The Implications: What Should Contractors Keep in Mind?

While the benefits of the government relief are quite expansive, there are also various risks and implications involved if contractors do not adequately document their eligibility or properly determine the amount claimed. For PPP loans, there are number of compliance requirements as included in the initial laws, as further interpreted and outlined in the dozens of interim final rules and FAQs from the SBA, that must be considered if one has obtained a PPP loan. Businesses were also required to certify to their need for the loans, which they should be prepared to support under audit. While loans over $2 million are subject to an automatic audit, the SBA has indicated it may conduct audits on other loans at any point in the six-year lookback period. No matter the size of the loan, borrowers seem to gain some sense of comfort with the fact that all forgiveness applications are reviewed and approved, generally by the bank and the SBA. As part of both the loan application process and the forgiveness process, there are various certifications made by the business related to the information included in both applications.

For ERC, there is no immediate review or approval process. Amounts that are claimed are generally received via a refund or a credit, without any questions asked. The IRS has the ability to audit these claims with a four-year lookback period. Because of the size of this program and the significant benefit, it is anticipated that there will be a fair amount of IRS audits conducted related to these claims, but it remains to be seen how wide scale these audits will be. Similarly, for PPP and ERC, inaccurate documentation regarding eligibility and amounts claimed could result in denied claims, and the potential for repayment of funding plus interest and penalties.

While PPP is a tax-free program, it is important to note that ERC is not. This is a major distinction that must be kept in mind as contractors address financial relief programs and work to allocate payroll between the two. For tax planning purposes, it’s also important to note that the ERC amounts received in the year will result in increased taxable income even if the topline and expenses otherwise seem to be stable or down from 2020.

The Future: What’s Next for Contractors?

While the existing relief programs have provided contractors with some much-needed relief, the future is extremely unpredictable as the Delta variant continues to impact the United States. The ongoing supply chain issues continue to cause challenges causing major strain and impact on the construction industry. The shortage of steel, lumber and more has shown that the residual effects of COVID-19 can greatly impact a construction firm in the long term. Among other concerns, the labor shortage has proven to be a top concern. However, though these delays and shortages making work difficult overall, contractors are finding a way to rebound and are busier than ever before.

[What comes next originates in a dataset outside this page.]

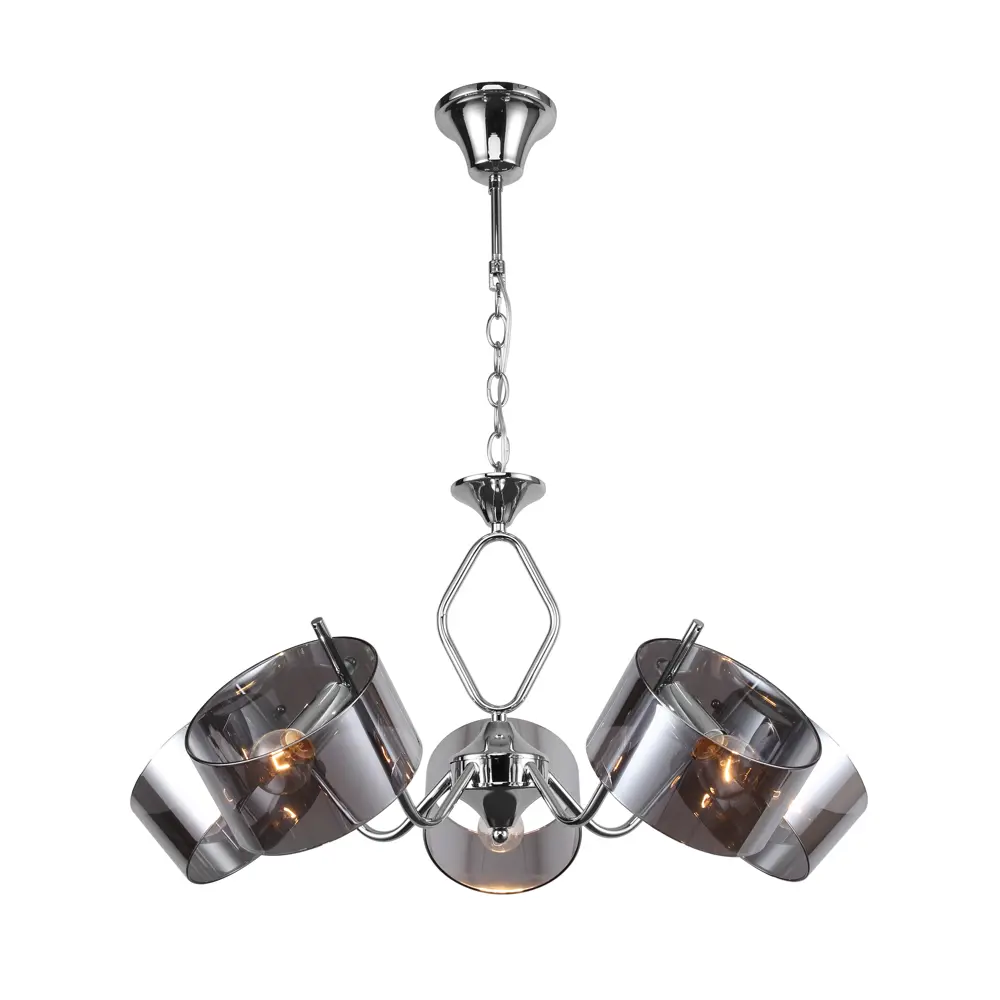 Люстра подвесная Rivoli Lattea, 5 ламп, 20 м², цвет дымчатый/хром STLM-2103807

Additional relief and support are in sight with the pending passage of the Infrastructure Bill. If supply and labor constraints can be overcome, this bill should provide an additional kick-start for the construction industry. While it may not be directly related to relief funding, it will positively impact the industry as the work for the anticipated roads and bridges, rail, internet and other infrastructure should give the industry additional projects to add to their backlog for years to come.

The Key: Stay Informed

As contractors continue to look for ways to respond to the ongoing COVID-19 pandemic and the financial programs offered to them, it has never been more important to work closely with a team of advisors to ensure they are accurately documenting and maximizing all benefits potentially available to them. Seeking counsel from attorneys, accountants and others can help contractors stay up to date with the latest legislation, and other guidance as the landscape continues to rapidly change.